» **Task statement**:
Output exactly the lines between the one holding "B3144356 1-Bromo-5-fluoro-4-methoxy-2-methylbenzene CAS" and the last line of the data below, both of those lines included.

'''

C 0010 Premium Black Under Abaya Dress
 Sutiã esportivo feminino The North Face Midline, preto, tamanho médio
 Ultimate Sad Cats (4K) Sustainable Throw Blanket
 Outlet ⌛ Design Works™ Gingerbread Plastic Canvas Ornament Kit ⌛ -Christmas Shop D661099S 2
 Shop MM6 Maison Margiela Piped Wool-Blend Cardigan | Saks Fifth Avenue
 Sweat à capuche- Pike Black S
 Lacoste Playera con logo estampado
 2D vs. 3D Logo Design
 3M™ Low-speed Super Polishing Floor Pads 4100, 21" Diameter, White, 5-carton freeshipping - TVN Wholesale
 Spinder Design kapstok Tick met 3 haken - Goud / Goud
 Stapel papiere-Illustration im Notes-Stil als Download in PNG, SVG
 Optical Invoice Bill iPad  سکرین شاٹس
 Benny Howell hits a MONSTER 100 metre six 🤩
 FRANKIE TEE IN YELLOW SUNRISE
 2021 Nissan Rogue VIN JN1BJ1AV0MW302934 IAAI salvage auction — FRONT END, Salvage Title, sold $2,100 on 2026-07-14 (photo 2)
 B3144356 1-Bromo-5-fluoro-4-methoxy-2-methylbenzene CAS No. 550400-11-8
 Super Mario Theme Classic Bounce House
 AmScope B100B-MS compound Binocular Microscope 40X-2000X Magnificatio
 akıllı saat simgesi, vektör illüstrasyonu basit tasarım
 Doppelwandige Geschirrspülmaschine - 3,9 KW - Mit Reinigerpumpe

'''

» **Reply to the exercise**:
 B3144356 1-Bromo-5-fluoro-4-methoxy-2-methylbenzene CAS No. 550400-11-8
 Super Mario Theme Classic Bounce House
 AmScope B100B-MS compound Binocular Microscope 40X-2000X Magnificatio
 akıllı saat simgesi, vektör illüstrasyonu basit tasarım
 Doppelwandige Geschirrspülmaschine - 3,9 KW - Mit Reinigerpumpe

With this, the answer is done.